Which signaling molecules mediate the cooperative activity of TNF and IFN is not yet known, but there is good reason to suspect the involvement of the NF-κB pathway. NF-κB is strongly activated by TNF, and recently its activity was shown to be required for cytokine-mediated repression of MyHC protein (25
). NF-κB was also shown to be required for TNF and IFN to downregulate the expression of MyoD protein in C2C12 myotubes (25
). Consistent with these findings, the data presented in this study showed that TNF/IFN could dramatically reduce MyoD mRNA expression, and that rescued expression of MyoD in C2C12 myotubes was sufficient to block TNF/IFN–mediated repression of the MyHC IIb promoter. Given that MyoD binding to the MyHC IIb promoter is required for myosin expression in fast-twitch muscles (41
), it is tempting to speculate that cytokine-induced suppression of MyHC IIb transcription is regulated by NF-κB through the inhibited synthesis of MyoD. However, it is possible that in addition to MyoD other myogenic regulators can be targeted by cytokines, leading to the further downregulation of myosin.

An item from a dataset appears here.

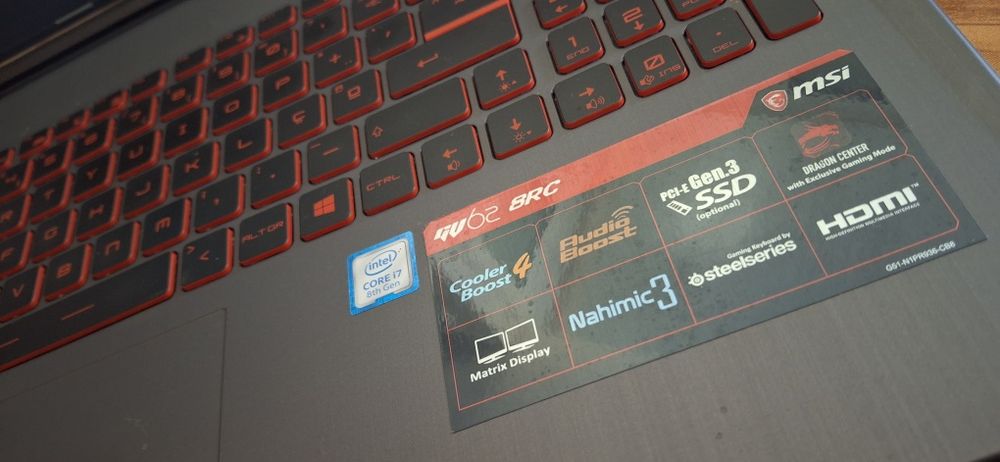 [INFORMÁTICA] - Computador portátil MSi GV62 8RC MS-16JF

Lastly, findings of this study demonstrate that selective targeting of key muscle gene products, such as MyHC, can occur through different regulatory mechanisms. In contrast to TNF/IFN–treated myotubes, selective targeting of MyHC in mice bearing C-26 tumors occurred at the protein level. Induction of ubiquitin and E3 ligase genes, in conjunction with the presence of ubiquitin-MyHC conjugates, supports the involvement of the ubiquitin-dependent proteasome system in the regulation of this myofibrillar protein. Thus, these data imply that MyHC is a preferred substrate of ubiquitin ligases. In vitro, core myofibrillar proteins have been shown to serve as efficient substrates for ubiquitin conjugation, resulting in their degradation by the ATP-dependent 26S proteasome (62
). Importantly, the rate of this proteolysis was significantly reduced when core myofibrillar proteins were preassembled into a myofibril complex. This implied that the dissociation of myofibrillar proteins in the contractile apparatus is the rate-limiting step for ubiquitination and subsequent ATP-dependent proteolysis. Consistent with this thinking, sepsis-induced muscle cachexia was reported to be associated with the disruption of sarcomere architecture and the subsequent release of myofilaments, although in this model these effects were largely found to be regulated by a calcium-dependent proteolysis pathway (63
). In line with these findings, we predict that C-26 tumor–induced muscle wasting is associated with the disorganization of the myofibrillar network, and that the specificity of MyHC downregulation in C-26 tumor–bearing mice derives from the partial dissociation of MyHC from actin and the remaining components of the sarcomeric complex. Upon dissociation of the myofibril, MyHC would thus be susceptible to ubiquitin ligase activity and primed for proteasome-dependent degradation. The absence of actin, troponin, or tropomyosin degradation may signify that these proteins remain bound to each other, thereby minimizing their polyubiquitination. Although our current data demonstrate that myosin and actin association is lost in cachectic muscle (Figure ), it will be interesting to test whether interactions are compromised between myosin and the other core myofibrillar proteins, as well as the interactions of the core proteins not found to be susceptible to proteolysis.
Based on these current results, we propose that muscle wasting is not a process regulated by the downregulation of a general number of myofibrillar proteins but rather is highly selective as to the targeting of key muscle gene products. Data presented here from different models of cytokine- and tumor-induced cachexia indicate that MyHC is a selective target irrespective of the pro-cachectic factor. The identification of MyHC as one of these selective targets may be useful in the design of future cancer-cachexia therapies.